EXERCISE GOAL: Beginning with the line of the entries below that holds "Merinoull Sandnes Garn" and ending with the line that holds "Opel Corsa 1.4", transcribe each line exactly as written. Pictures stay out.

RAW DATA:
"""

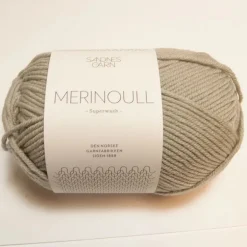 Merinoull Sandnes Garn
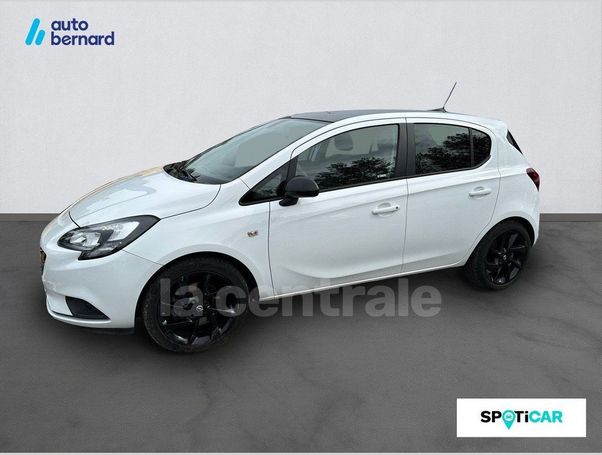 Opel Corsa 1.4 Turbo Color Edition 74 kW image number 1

"""
"""

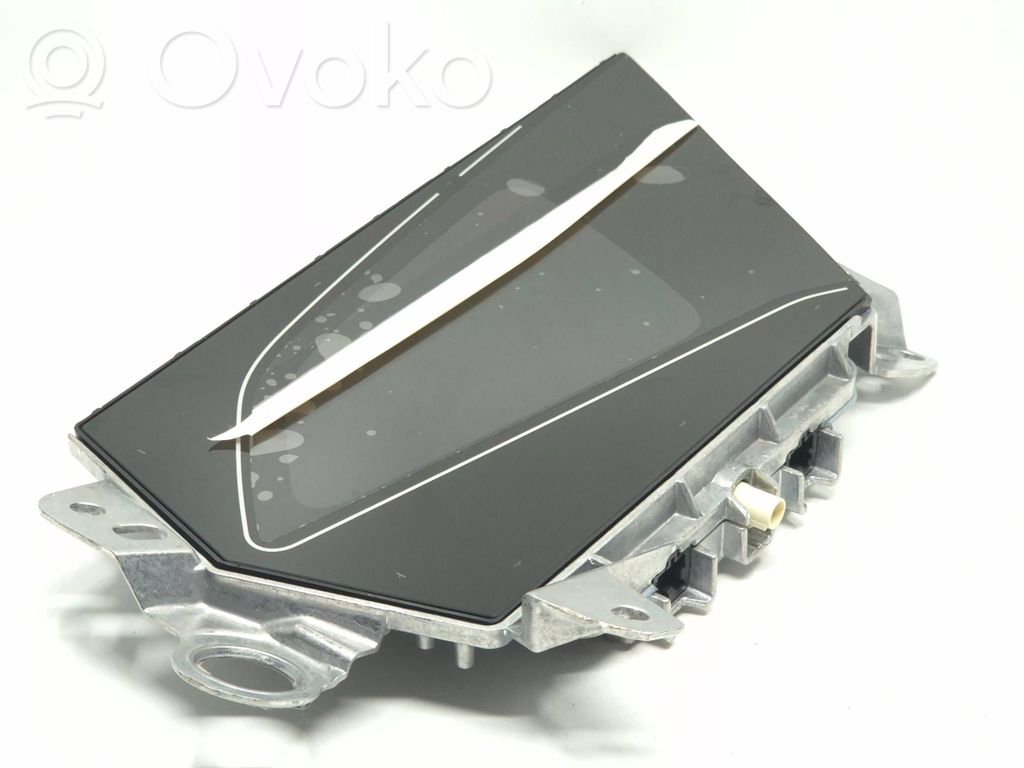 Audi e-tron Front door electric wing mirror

"""

SOLUTION FOR THIS PROBLEM:
 Merinoull Sandnes Garn
 Opel Corsa 1.4 Turbo Color Edition 74 kW image number 1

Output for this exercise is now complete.